>>

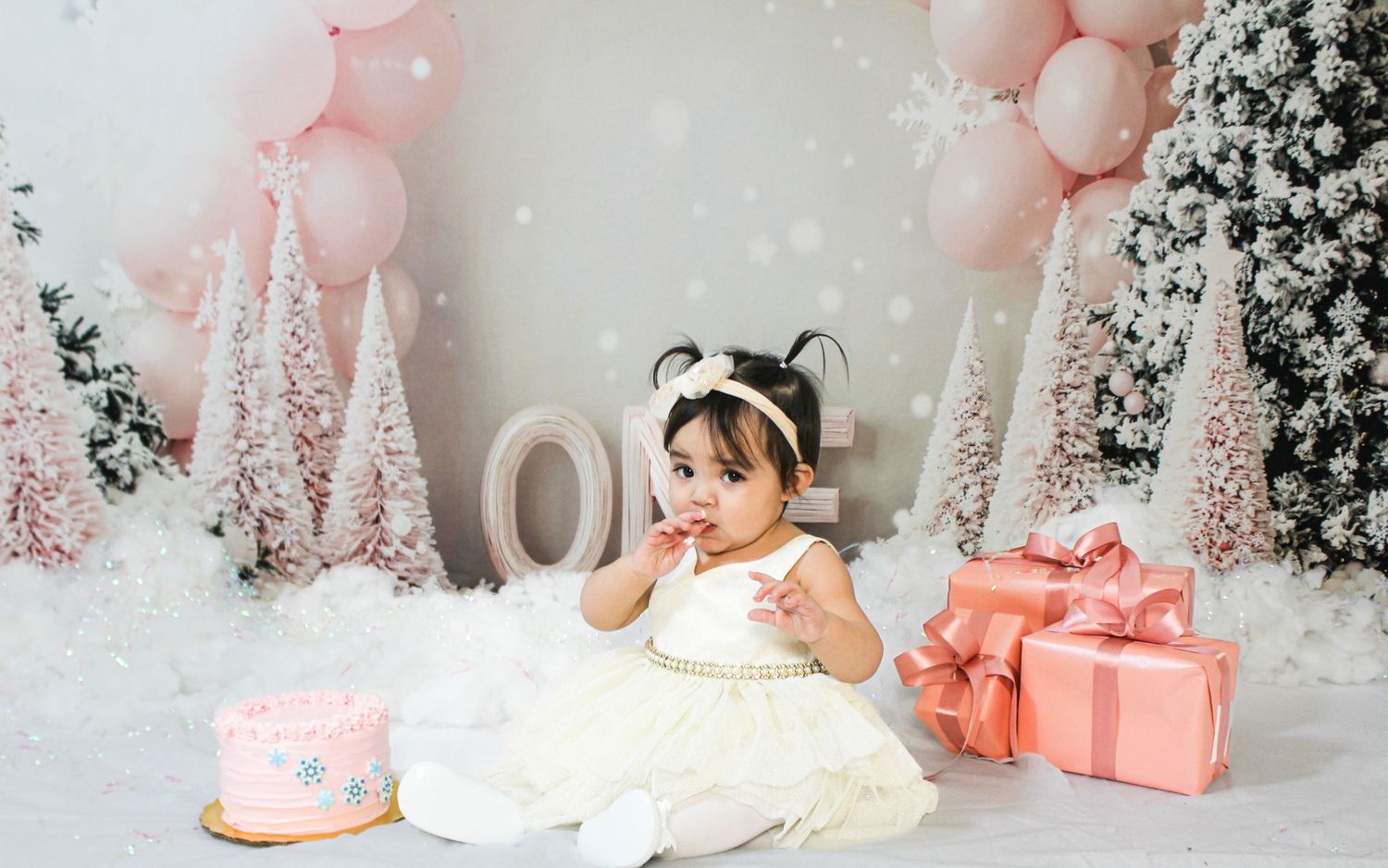 Baby girl in white dress at winter wonderland pink Christmas themed first birthday cake smash.
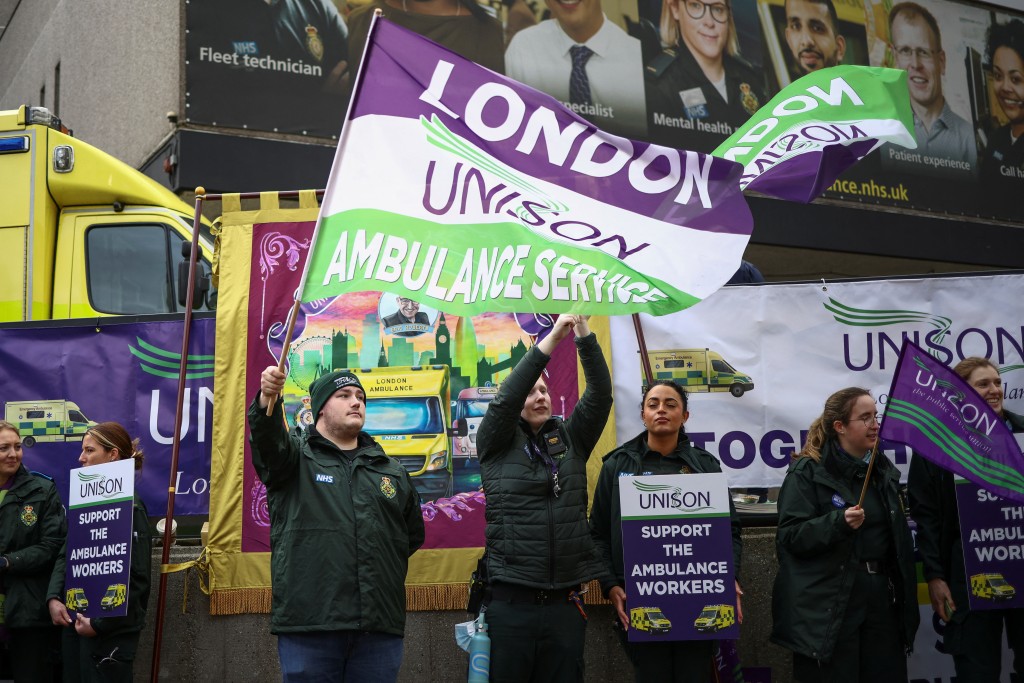 一名计划罢工的妇女在NHS伦敦救护车服务中心外举著Unison旗帜示威。路透社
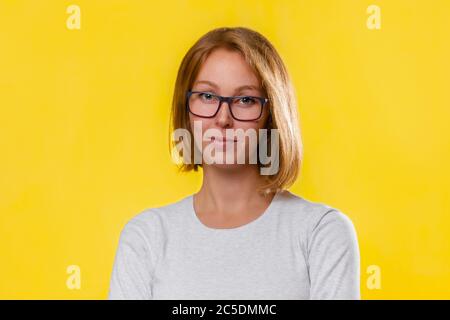 Ein Porträt einer jungen blonden Frau in einer Brille, die mit gekreuzten Armen posiert. Gelber Hintergrund. Speicherplatz kopieren. Stockfoto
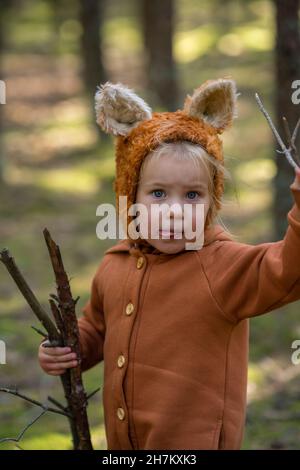 Nettes Mädchen mit Holzstäben, die Zunge im Wald hervorstechen Stockfoto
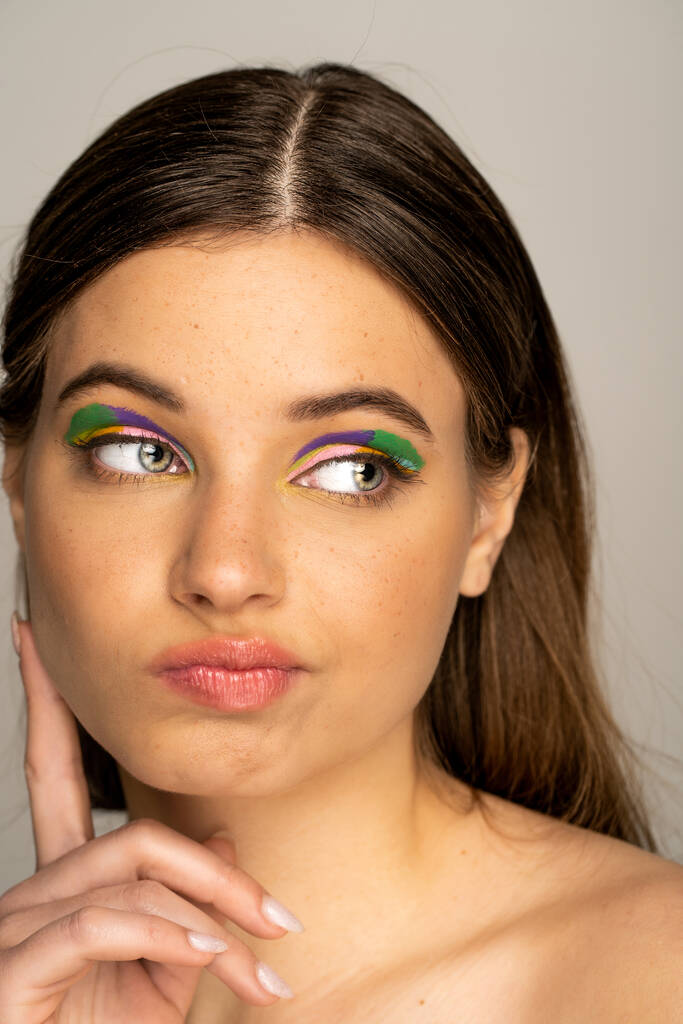 Pensive teenage model with colorful makeup looking away isolated on grey  - Foto, Bild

<<

→ Try it: Every picture stays out; reproduce exactly the lines from the one with "Nettes Mädchen mit" through the last line of the data above.

→ Exercise answer:
 Nettes Mädchen mit Holzstäben, die Zunge im Wald hervorstechen Stockfoto
 Pensive teenage model with colorful makeup looking away isolated on grey  - Foto, Bild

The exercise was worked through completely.